Ceph

    PLEASE NOTE: This document applies to v1.8 version and not to the latest stable release v1.9

    Ceph NFS Server CRD

    Overview

    Rook allows exporting NFS shares of a CephFilesystem or CephObjectStore through the CephNFS custom resource definition. This will spin up a cluster of NFS Ganesha servers that coordinate with one another via shared RADOS objects. The servers will be configured for NFSv4.1+ access only, as serving earlier protocols can inhibit responsiveness after a server restart.

    WARNING: We do not recommend using NFS in Ceph v16.2.0 through v16.2.6. If you are using Ceph v15, we encourage you to upgrade directly to Ceph Pacific v16.2.7. Upgrade steps are outlined below.

    Samples

    The following sample assumes Ceph v16 and will create a two-node active-active cluster of NFS Ganesha gateways.

    apiVersion: ceph.rook.io/v1
    kind: CephNFS
    metadata:
      name: my-nfs
      namespace: rook-ceph
    spec:
      # For Ceph v15, the rados block is required.
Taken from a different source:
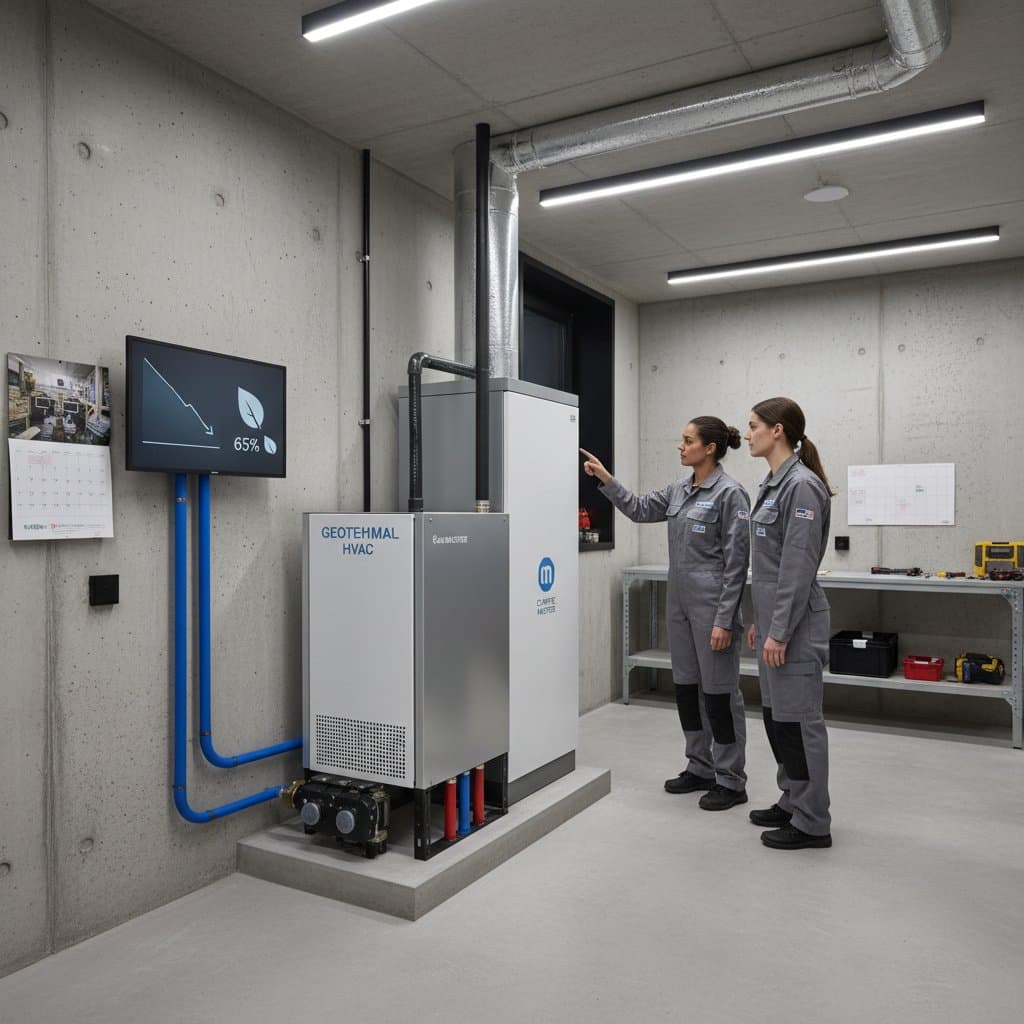 Featured image for Tax Credits Cut Geothermal HVAC Costs by 65 Percent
It is ignored for Ceph v16.
      rados:
        # RADOS pool where NFS configs are stored.
        # In this example the data pool for the "myfs" filesystem is used.
        # If using the object store example, the data pool would be "my-store.rgw.buckets.data".
        # Note that this has nothing to do with where exported file systems or object stores live.
        pool: myfs-data0
        # RADOS namespace where NFS client recovery data is stored in the pool.
        namespace: nfs-ns
    
      # Settings for the NFS server
      server:
        # the number of active NFS servers
        active: 2
        # A key/value list of annotations
        annotations:
        #  key: value
        # where to run the NFS server
        placement:
        #  nodeAffinity:
        #    requiredDuringSchedulingIgnoredDuringExecution:
        #      nodeSelectorTerms:
        #      - matchExpressions:
        #        - key: role
        #          operator: In
        #          values:
        #          - mds-node
        #  tolerations:
        #  - key: mds-node
        #    operator: Exists
        #  podAffinity:
        #  podAntiAffinity:
        #  topologySpreadConstraints:
    
        # The requests and limits set here allow the ganesha pod(s) to use half of one CPU core and 1 gigabyte of memory
        resources:
        #  limits:
        #    cpu: "500m"
        #    memory: "1024Mi"
        #  requests:
        #    cpu: "500m"
        #    memory: "1024Mi"
        # the priority class to set to influence the scheduler's pod preemption
        priorityClassName:
    

    NFS Settings

    RADOS Settings

    NFS configuration is stored in a Ceph pool so that it is highly available and protected. How that is configured changes depending on the Ceph version. Configuring the pool is done via the rados config.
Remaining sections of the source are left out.